I'm just curious about how numpy implements its scalar multiplication. In my understanding,
x * y
calls the __mul__
method of x, x.__mul__(y)
.
How would this work with this code:
x = 6
y = np.array([1,2])
print(x * y)
Wouldn't the code call x.__mul__(y)
? And since x is not a numpy variable, how does numpy have any control over how this behaves?
CodePudding user response:
When Python encounters x * y
it will indeed first call x.__mul__(y)
(1). Any such method may return NotImplemented
if it doesn't know how to handle the operand it received. This is what x.__mul__(y)
does :
>>> x = 6
>>> y = np.array([1, 2])
>>> x.__mul__(y)
NotImplemented
Then, as a next step, Python calls the reflected operands method __rmul__
, i.e. y.__rmul__(x)
:
>>> y.__rmul__(x)
array([ 6, 12])
So in this second step, it is up to the np.ndarray
class to determine the outcome of this operation (2).

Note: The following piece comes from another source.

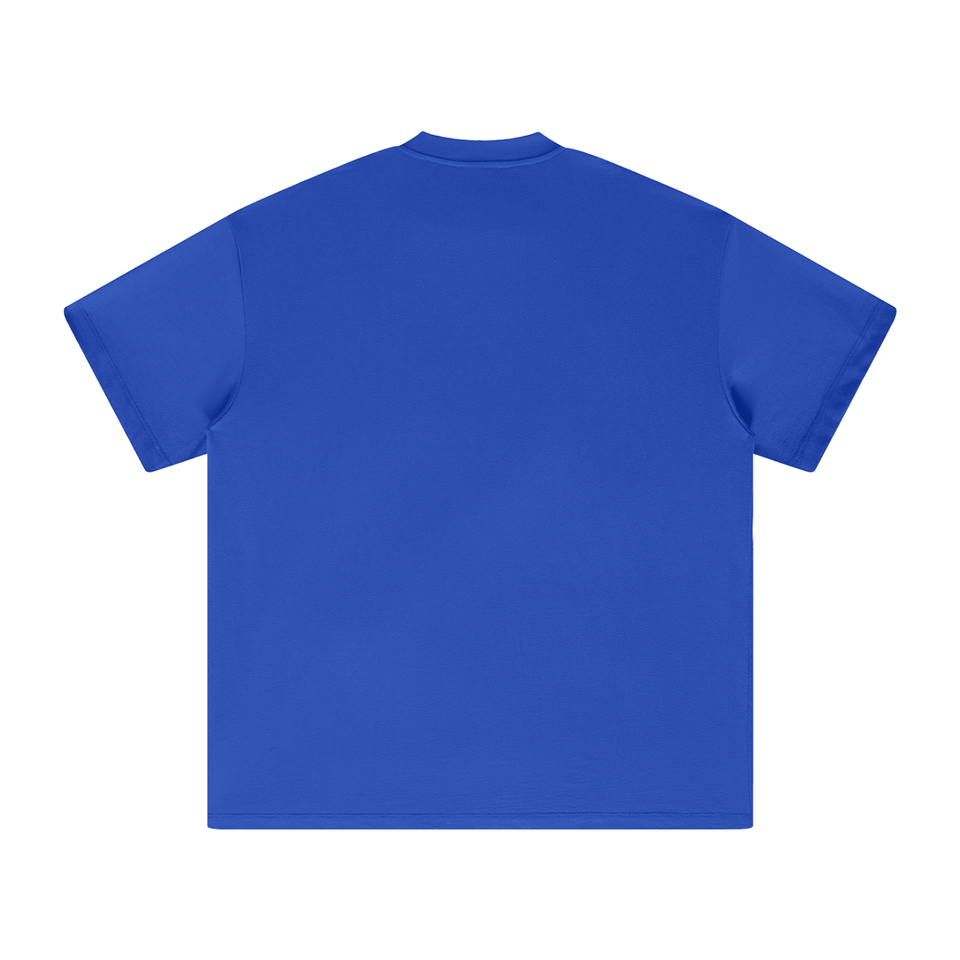 Core Tee Royal Blue — Heavyweight Cotton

This can also be visualized with the help of a custom test class:
>>> class Test:
... def __rmul__(self, other):
... print('__rmul__', self, other)
...
>>> x = 1
>>> y = Test()
>>> x.__mul__(y)
NotImplemented
>>> x * y
__rmul__ <__main__.Test object at 0x7f46c6acb668> 1
(1) Unless type(y)
is a subclass of type(x)
in which case y.__rmul__(x)
takes precedence over x.__mul__(y)
.
(2) If both methods, x.__mul__
and y.__rmul__
, return NotImplemented
then a TypeError
is raised.